Pro-surfer Peter Drouyn has been living life as Westerly Windina for the last ten years.
In the 60s and 70s, Australian Peter Drouyn was one of the world's top surfers. He was Australian champion in 1970 and is credited with inventing today's 'man-on man' competition format.
Drouyn competing in the Australian titles at Coolangatta in 1966. Photo: John Pennings.
"He challenged four-time world champion Mark Richards to a man-on-man showdown. He was flamboyant and theatrical," says surfing journalist Jamie Brisick.
Drouyn, now Westerly Windina, is surfing's only competitor of note to come out as transgendered.
"She referred to Peter, her former self, in the third person past tense. It was like I was talking to Peter's mother about her deceased child.
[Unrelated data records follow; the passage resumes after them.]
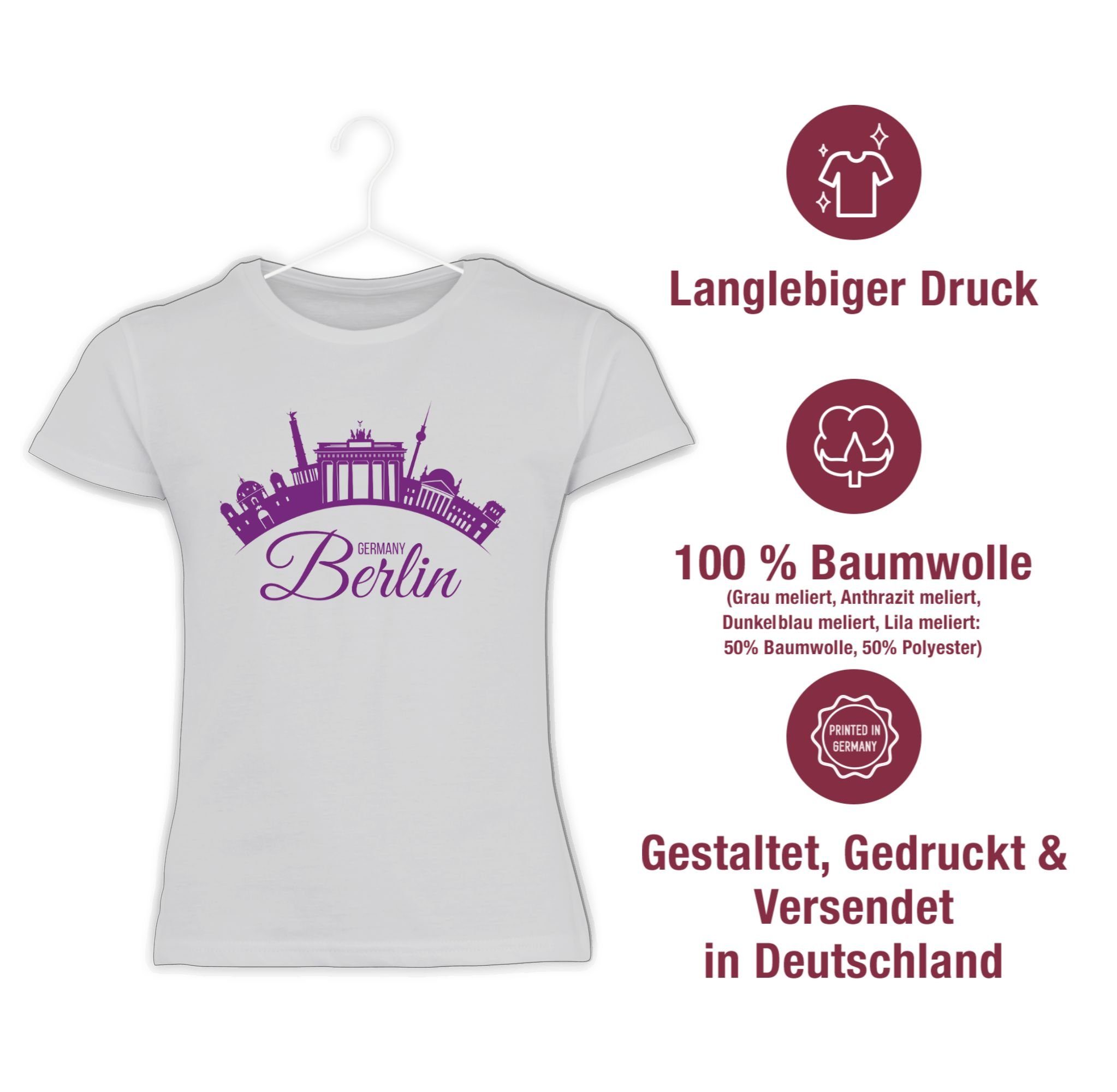 3 Länder Berlin Shirtracer Kinder Wappen Deutschland Germany Weiß T-Shirt Skyline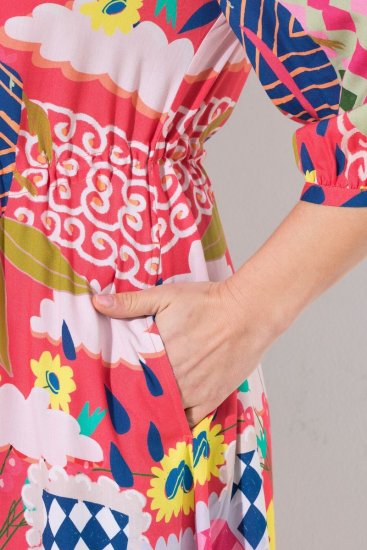 Ulla Popken 848015 Gemustertes Midikleid mit Tunnelzug Rosa - Midikleider - Midikleider in großen Größen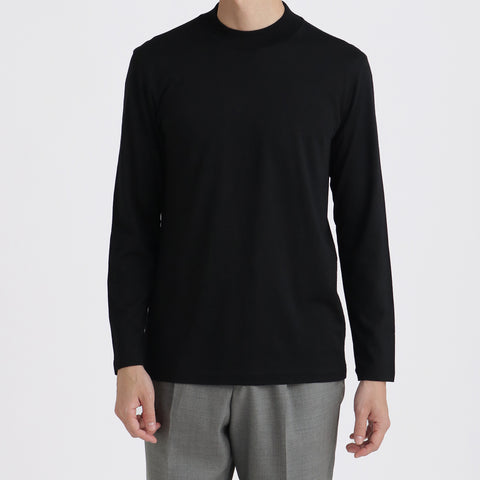 Wool Tailored Mock Neck Long Sleeve T-shirt Color: Black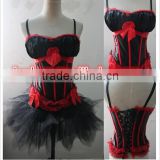 wholesale Junhou brand ladies strap red black corset with padded bra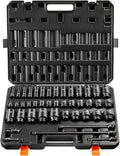 VEVOR Impact Socket Set 1/2" Socket Set 43 Piece Deep & Shallow SAE 3/8" to 1-1/2", 6 Point Cr-Mo Alloy Steel for Auto Repair, Easy-to-Read Size Markings, Rugged Construction, Storage Case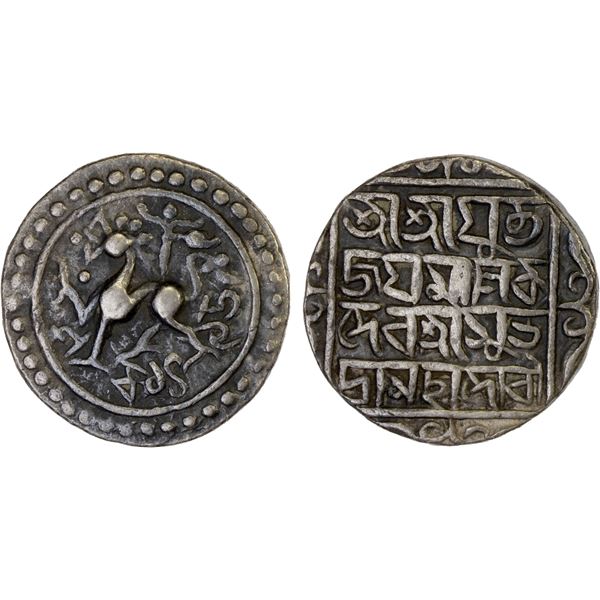 TRIPURA: Jaya Manikya, 1573-1577, AR tanka (10.57g), SE1495, nice F-VF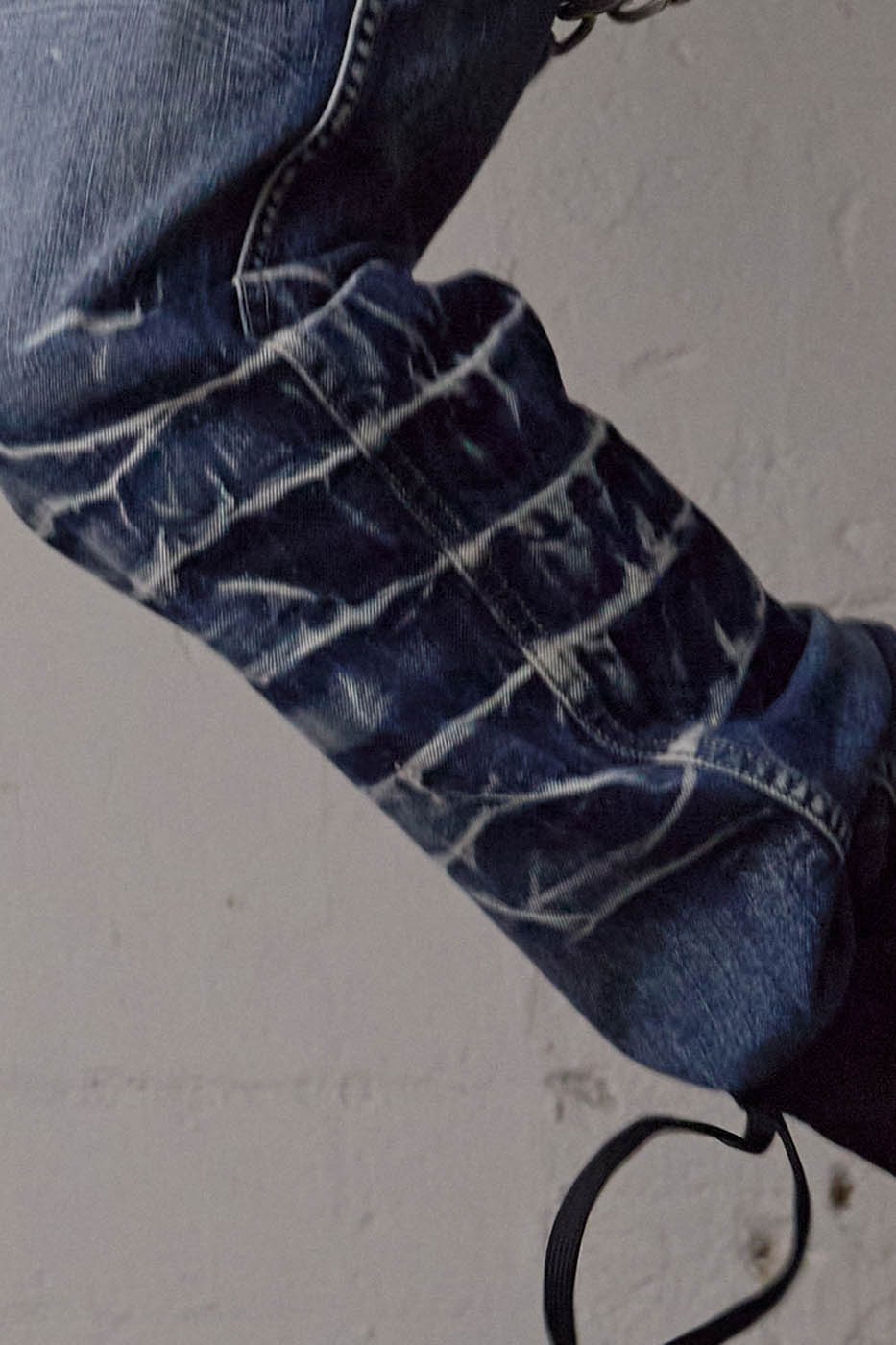 DND4DES Lightning-Creased Flared Jeans Blue, premium urban and streetwear designers apparel on PROJECTISR.com, DND4DES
She was charming, smart, witty, funny."
"I felt a sort of kinship with her. I have felt like a pariah or an outcast in the surf world before. I know that she did too. That was common ground."
Westerly with six-time world surfing champion Steph Gilmore at Surfing Australia's 50th anniversary.
Jamie Brisick's book traces Drouyn's journey to becoming Westerly Windina. "It's as if there's an abyss between male and female, and anyone that doesn't neatly fit into either one falls into a place where it's hard to get work, acceptance."
Westerly's story has taught Brisick "that we are strange, complex and often contradictory creatures. That we need to be accepting of one another. That we are all just getting by."